Re: answers for George Greene

From: George Greene (greeneg_at_cs.unc.edu)
Date: 10/11/04


Date: 11 Oct 2004 03:43:17 -0700


"tuckpointer" <aatuckpointing@sbcglobal.net> wrote in message news:<UOk8d.11566$or6.7949@newssvr15.news.prodigy.com>...
> When I introduced triple systems as relevant to the foundations of
> mathematics, George Greene asked, "Where is this geometry coming from?" (or
> something close to that paraphrase).
>
> Perhaps (the real) Frege can shed some light...
>
> "...But that is just a defect in the kindergarten-numbers.

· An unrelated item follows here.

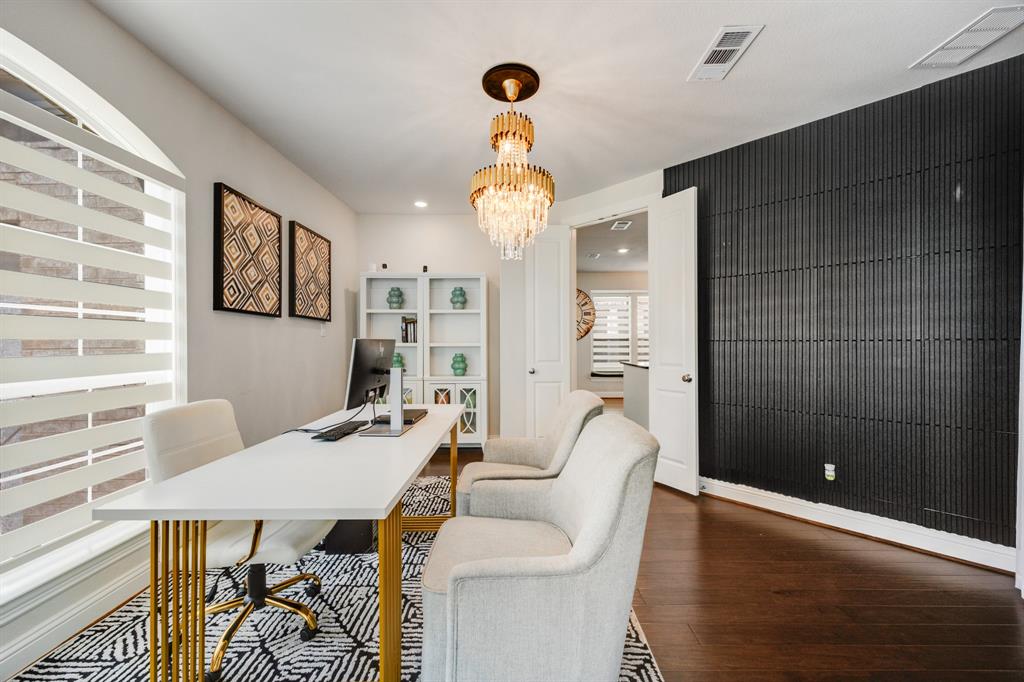 1524 Buckthorn Road Fate, TX 75087 - Photo 15 of 37 a view of a dining room with furniture a chandelier and wooden floor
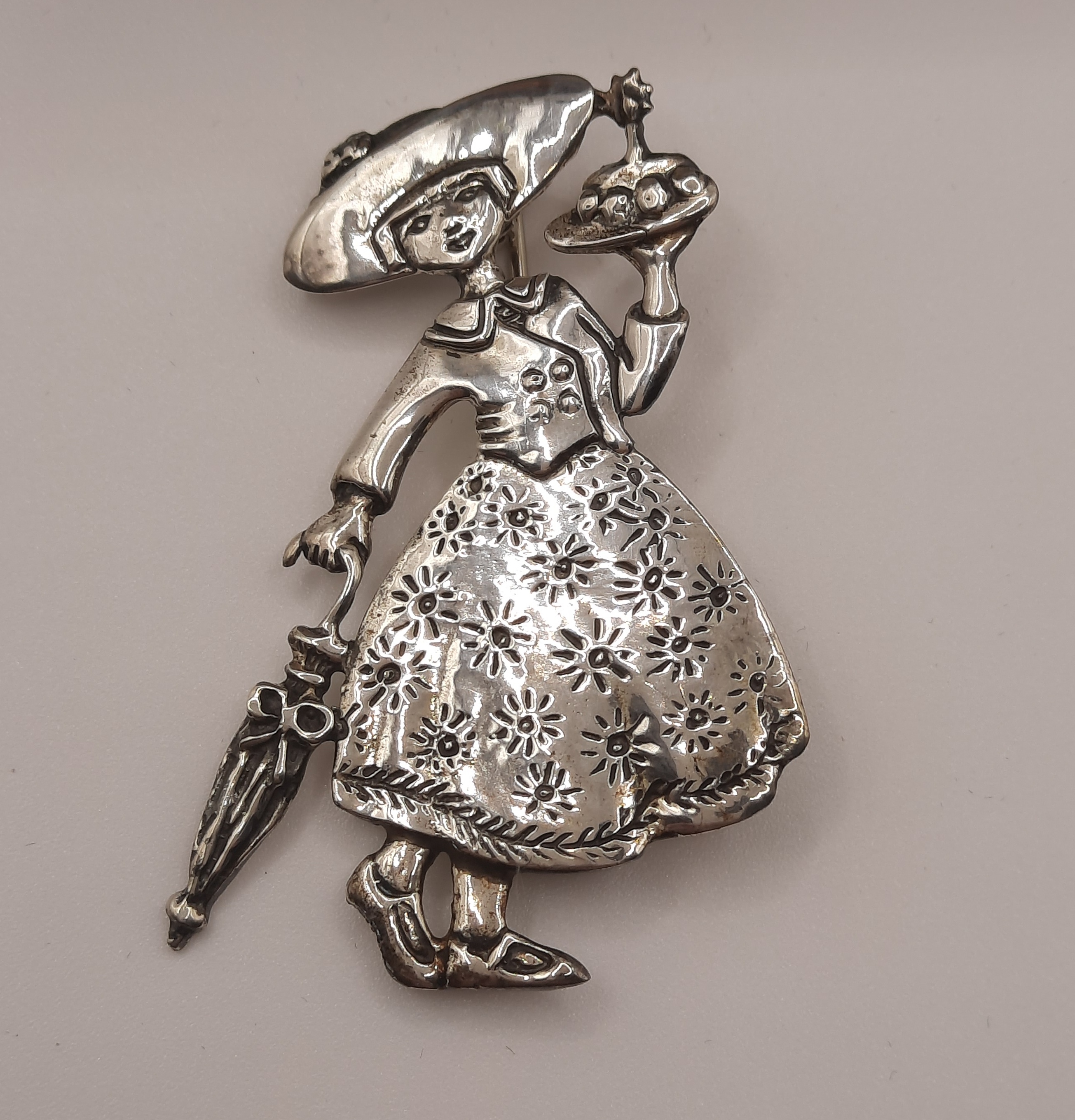 Mary Engelbreit Female Figure with Umbrella and Cake Brooch in Sterling Silver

The more
> I have thought the matter over, the more convinced I have become
> that arithemetic and geometry have developed on the same basis--a
> geometrical one in fact--so that mathematics in its entirety is really
> geometry. Only on this view does mathematics present itself as
> completely homogeneous in nature. Counting, which arose
> psychologically out of the demands of practical life, has lead the
> learned astray."
>
> --G. Frege, "Numbers and Arithmetic"

The name of the group is sci.logic, not alt.philosophy.meta.tech.

This would be out of place even in sci.philosophy.tech.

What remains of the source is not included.